Brocade – Treasure of the Mong people

To create brocades, the first thing Hmong women in Sapa Vietnam have to do is harvest flax and dry it. Linen is dried in large piles in the yard or any large area of land. When the flax is dry enough, it will be taken home, stripped of the skin. Next is pounding flax and threading – this is considered the most difficult and laborious stage. Hmong women have to pound the flax for 4-5 days in a row, then meticulously connect the flax fibers so that they are even and beautiful. Even and beautiful linen joints are not exposed joints, the fibers are even so that when the fabric is applied, the new fibers are even, the new woven fabric is flat and smooth.
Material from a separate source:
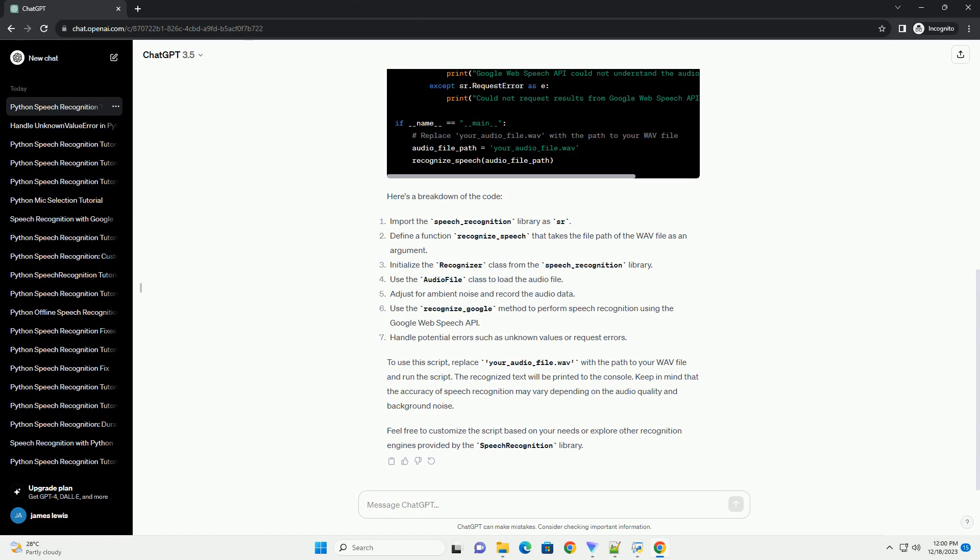Keep in mind that the accuracy of speech recognition may vary depending on the audio quality and background noise. Feel free to customize the script based on your needs or explore other recognition engines provided by the speech recognition library.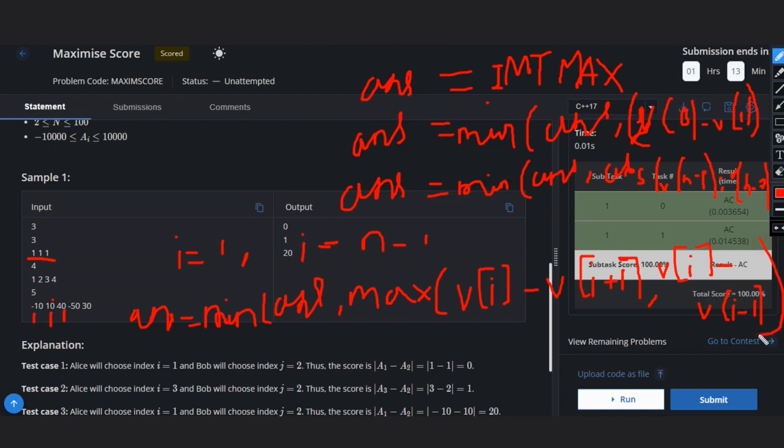So this is the solution for this question. Hope you understand this video. Like this video, subscribe the channel. Thank you.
A few times when I come to Sapa Vietnam, I always see many Hmong women with quick hands connecting yarn and rolling flax yarn into small buns in their hands. It is said that Mong women know how to take advantage of work, on the way up to the fields, down to the market or anywhere, whenever their hands are free, they will connect and roll linen yarn. After spinning and splicing the yarn by hand, the flax is put on the wheel again before being retracted into the reel. In order not to break, these skeins are dipped in water for about 15-20 minutes before spinning to soften and increase toughness. After a few more preliminary processing stages such as boiling, incubation, washing, flax fiber will be white, smooth and tough. At that time, people will bring the yarn to roll again to make it thinner and flatter and then fold it into a thread to weave. Hmong people usually weave fabric about 40 – 45 cm.

After weaving into sheets, the Mong people in Sapa Vietnam use a very unique technique to create patterns and textures for the fabric, which is painting beeswax. Beeswax is heated on the stove to melt, the craftsman uses a wooden handle, a copper nib dipped in hot wax and paints on the fabric. This special “ink” paints until it dries, the pattern eats into every fiber of the fabric. The beeswax painting is to prevent the indigo color from staining the fabric, because when the dye is finished, the fabric is soaked in hot water, at which time the beeswax will melt and reveal the patterns. Due to the sophisticated nature and high technical requirements, this process is usually performed by elderly and experienced people.

The cloth is soaked in cold water to absorb evenly, then dipped in indigo. Dipping indigo is an indispensable step in creating Hmong products. After dyeing indigo, the fabrics will be dried, waxed and washed again and again before rolling to create flatness and smoothness. The finished linens will be brought to the market to sell or sewn into shirts and skirts. Each cloth contains the sweat and effort of Hmong women. The end result for the tireless labor chain is the dresses and tops that not only help keep warm but also bring their own colors, highlighting the beauty of the Mong people in Sapa Vietnam.